In this module, the student will be able to:
- Know the key features and uses of Structured Streaming
- Stream data from a file and write it out to a distributed file system
- Use sliding windows to aggregate over chunks of data rather than all data
- Apply watermarking to remove stale data
- Connect to Event Hubs read and write streams
- Module 11 - Create a stream processing solution with Event Hubs and Azure Databricks
- Lab details
- Concepts
- Event Hubs and Spark Structured Streaming
- Streaming concepts
- Lab setup and pre-requisites
Apache Spark Structured Streaming is a fast, scalable, and fault-tolerant stream processing API. You can use it to perform analytics on your streaming data in near real time.

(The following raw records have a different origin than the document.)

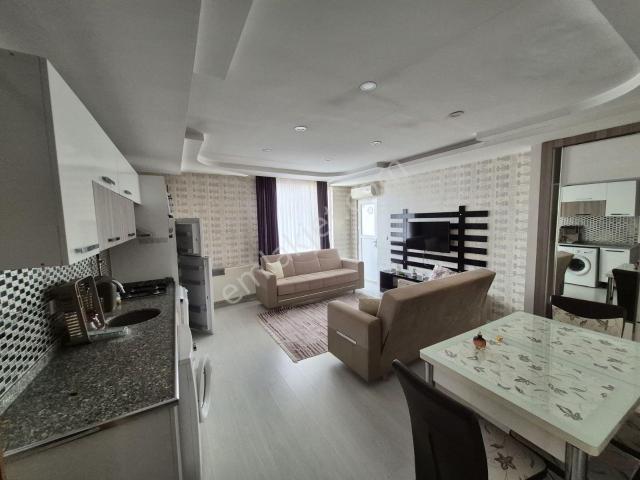 Pınarbaşı Mahallesi, Batman Merkez içerisinde kiralık mülk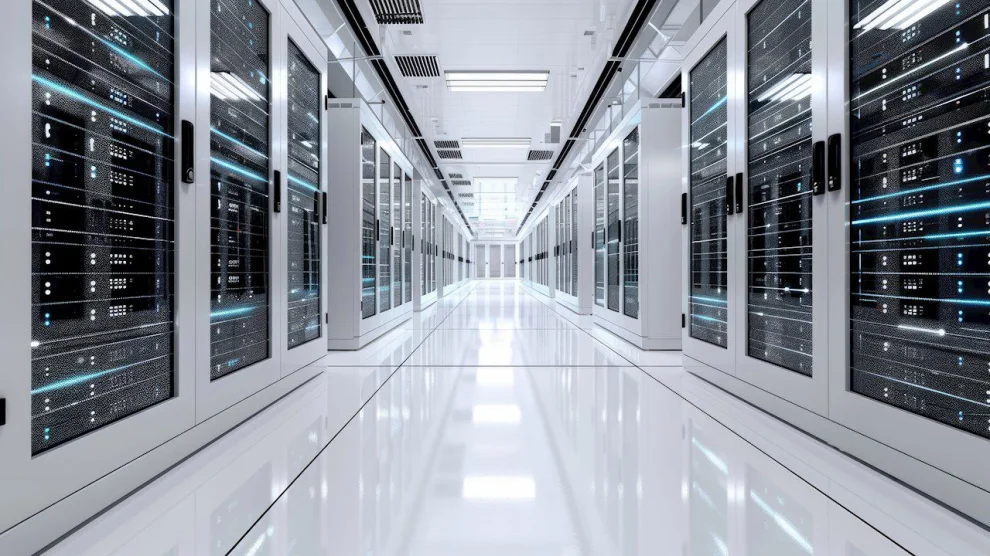 ABB consolidó su posicionamiento como un actor relevante en la evolución del sector a partir de la extensión de su colaboración con VoltaGrid.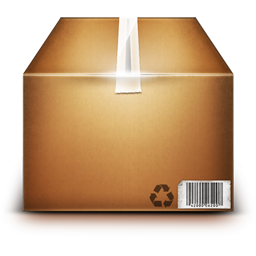 ddos压力测试平台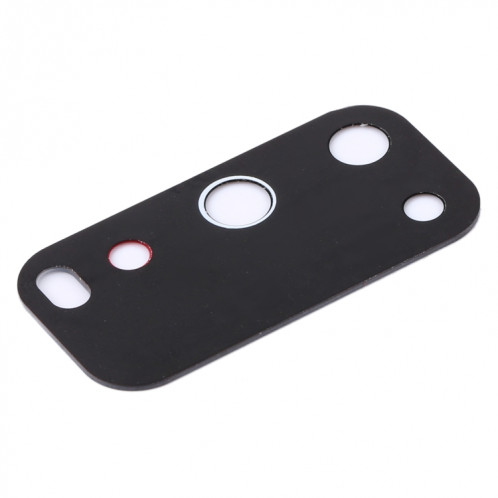 Pour Vivo V19 10pcs objectif de caméra arrière SH7885846-04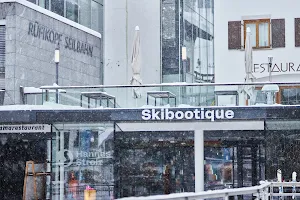 Skibootique image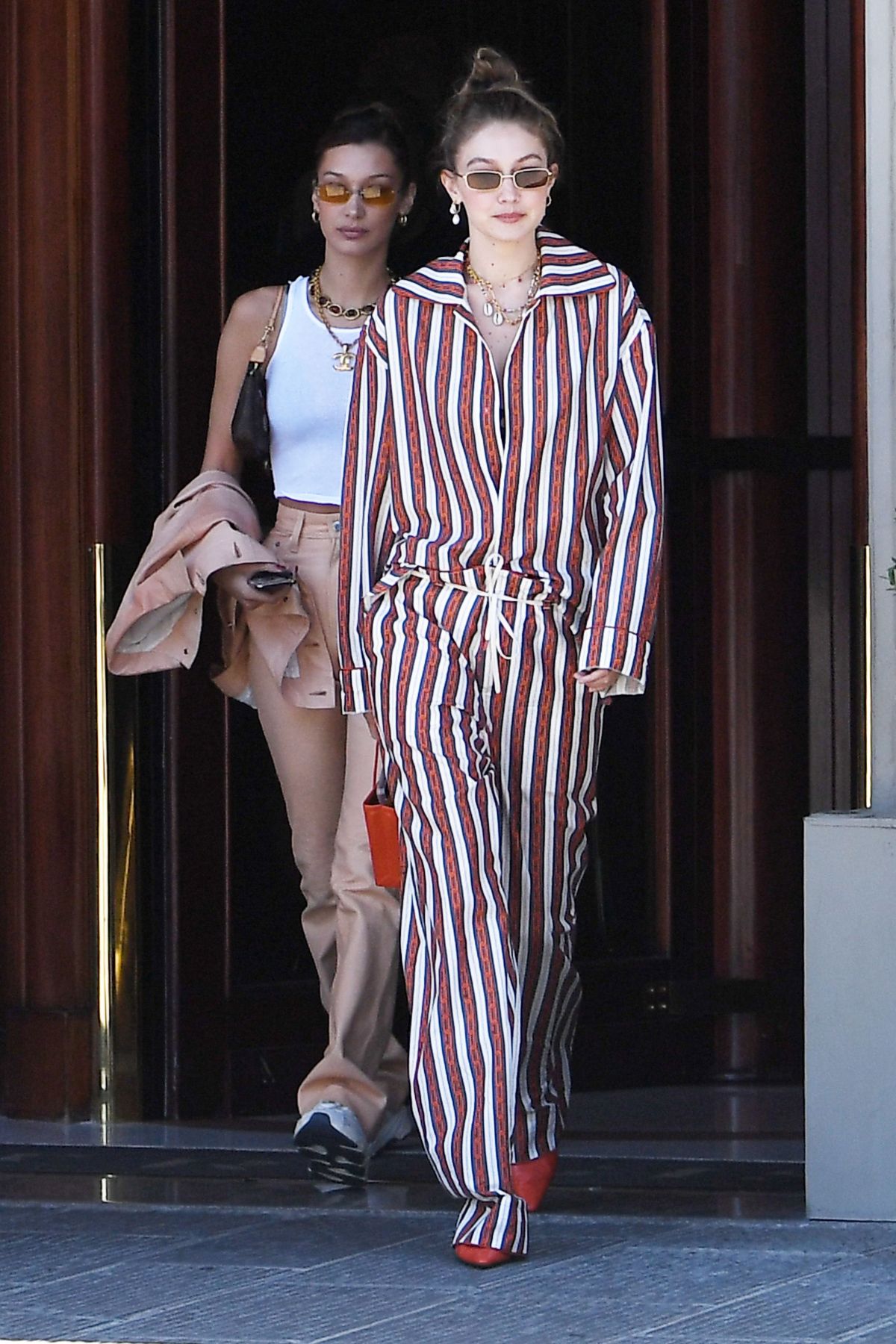 gigi-and-bella-hadid-out-in-florence-06-13-2019-4.jpg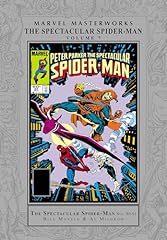 Spectacular spider man for sale  Delivered anywhere in UK
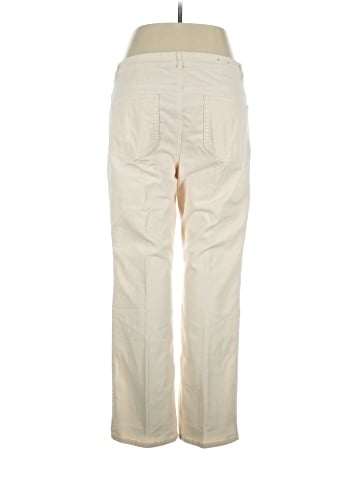 Chaps Casual Pants (view 2)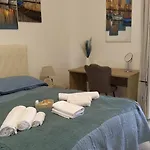 Διαμέρισμα Vello Blu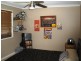 7 Rusty Gum Ct, Narangba QLD 4504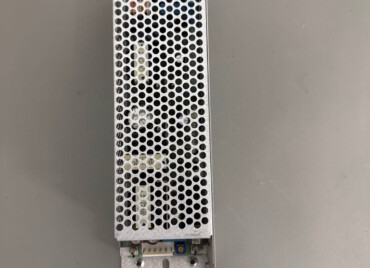 AXP413-04 Toshiba Power Supply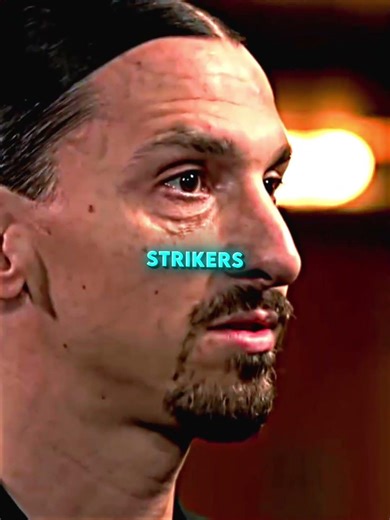 Why Ibra RETIRED 💔⚽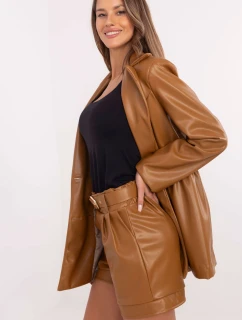 Šortky model 219047 Rue Paris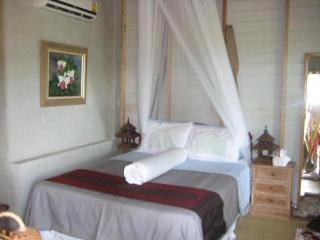 Lanlay Homestay by ZUZU fotoÄŸrafÄ±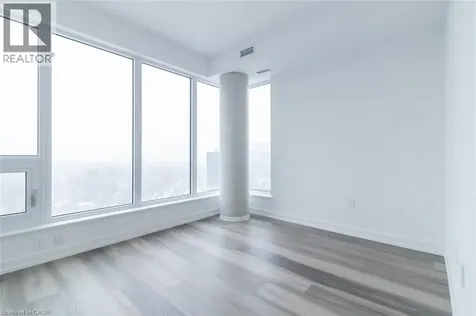 5 Wellington Street South Kitchener ON N2G 1C7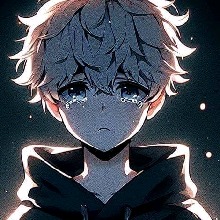 Guest_FranciscoVlz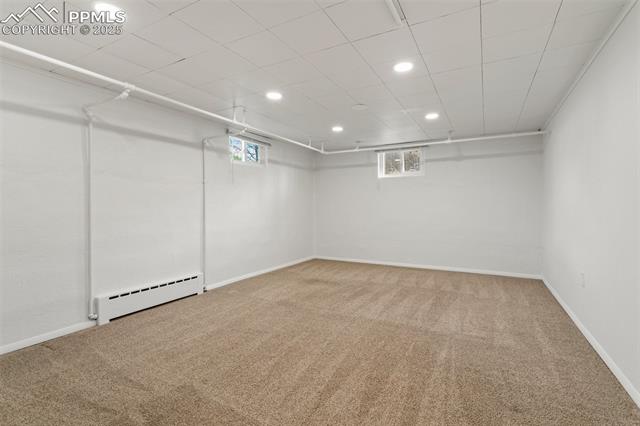 MLS Image for 1638 N Foote  ,Colorado Springs, Colorado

With Structured Streaming, you can use SQL queries to process streaming data in the same way that you would process static data. The API continuously increments and updates the final data.
Azure Event Hubs is a scalable real-time data ingestion service that processes millions of data in a matter of seconds. It can receive large amounts of data from multiple sources and stream the prepared data to Azure Data Lake or Azure Blob storage.
Azure Event Hubs can be integrated with Spark Structured Streaming to perform processing of messages in near real time. You can query and analyze the processed data as it comes by using a Structured Streaming query and Spark SQL.
Stream processing is where you continuously incorporate new data into Data Lake storage and compute results. The streaming data comes in faster than it can be consumed when using traditional batch-related processing techniques. A stream of data is treated as a table to which data is continuously appended. Examples of such data include bank card transactions, Internet of Things (IoT) device data, and video game play events.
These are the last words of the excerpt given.